The old system bypassed the Editorial Board. The Board isn’t there to give input on assignments, not for over 10 years. The criticism right now is that the new system was rolled out without consulting the Board, which the board is supposedly there for:
The MITRE Corporation created the CVE Editorial Board, moderates Board discussions, and provides guidance throughout the process to ensure that CVE serves the public interest.
The last ID scheme change was after more than a year of discussion, debate, and ultimately a vote by the board (11/2/2012 Start –> 6/7/2013 End). This ID scheme change was a knee-jerk response to recent criticism (only after it became more public than the Editorial Board list), without any board member input. From The Register article:
The CVE numbers are the numerical tags assigned to legitimate verified bugs that act as a single source of truth for security companies and engineers as they seek to describe and patch problems.
No… CVE IDs are assigned to security issues, period. Alleged, undetermined, possible, or validated. Many IDs are assigned to bogus / illegitimate issues, which are generally discovered after the assignment has been made. There is no rule or expectation that IDs are only assigned to legitimate verified bugs. To wit, search the CVE database for the word “REJECTED”.

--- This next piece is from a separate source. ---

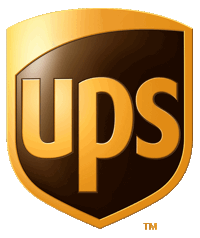 Transport spécial selon devis, par UPS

More importantly, the notion it is a “single source of truth” is perhaps the worst characterization of CVE one could imagine. Many companies use alternate vulnerability databases that offer more features, better consumption methods, and/or much better coverage. With MITRE falling behind other VDBs by as many as 6,000 vulnerabilities in 2015 alone, it isn’t a single source for anything more than training wheels for your vulnerability program.
The platform will exist alongside the current slower but established CVE system.
At this point, with what has been published by MITRE, this is pure propoganda in line with the platitudes they have been giving the Editorial Board for the last year. The new format does not make things easier for them, in any way. The ‘old ID scheme’ was never the slowdown or choke point in their process. In fact, read their press release and they say they will be the only ones issuing federated IDs, meaning the same problem will happen in the interim. If it doesn’t, and they start issuing faster, it wasn’t the new scheme that fixed it. More important to this part of the story is that it wasn’t just about assignment speed. The last six months have seen MITRE flat out refuse assignments to more and more researchers, citing the vulnerable software isn’t on their list of monitored products. Worse, they actually blame the Editorial Board to a degree, which is a blatant and pathetic attempt at scape-goating. The list they refer to was voted on by the board, yes. But the list given to the board was tragically small and it was about arranging the last chairs on the Titanic so to speak.
He says MITRE is aiming for automated vulnerability identification, description, and processing, and welcomed input from board members and the security community.
This is amusing, disgusting, and absurd. MITRE, including the new person in the mix (Sain) have NOT truly welcomed input from the board. The board has been giving input, non-stop, and MITRE has been ignoring it every single time. Only after repeated mails asking for an update, do they give us the next brief platitude. Sain’s title, “MITRE CVE communications and adoption lead”, is also ironic, given that just last week Sain told the board he would contact them via telephone to discuss the issues facing CVE, and never did. Instead, there was no communication, and MITRE decided to roll out a scheme that was horribly designed without any input from the Board or the industry.
For those who want a better glimpse into just how bad MITRE is handling the CVE project, I encourage you to read the Editorial Board traffic (and hope it is updated, as MITRE still manually runs a script to update that archive).